Data:
==========

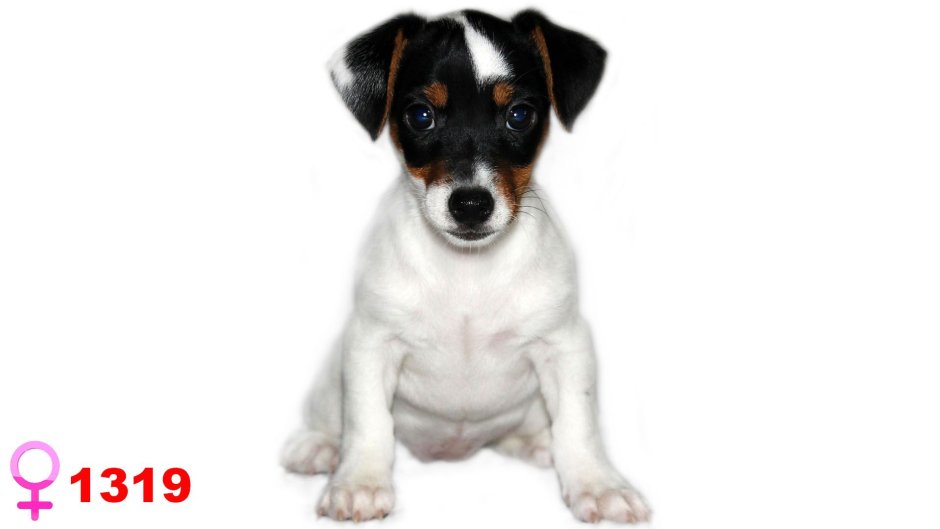 Джек Рассел щенок милый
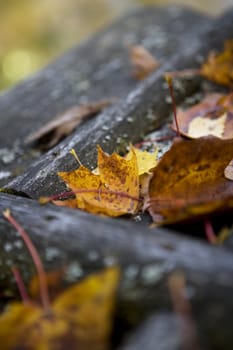 Close up of Autumn Leafs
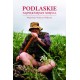Podlaskie Najpiękniejsze miejsca. Wędrówki Wiktora Wołkowa motyleksiazkowe.pl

==========

What you need to do: All of the material above needs to be restated exactly, with no pictures.

Written solution:
 Джек Рассел щенок милый
 Close up of Autumn Leafs
Podlaskie Najpiękniejsze miejsca. Wędrówki Wiktora Wołkowa motyleksiazkowe.pl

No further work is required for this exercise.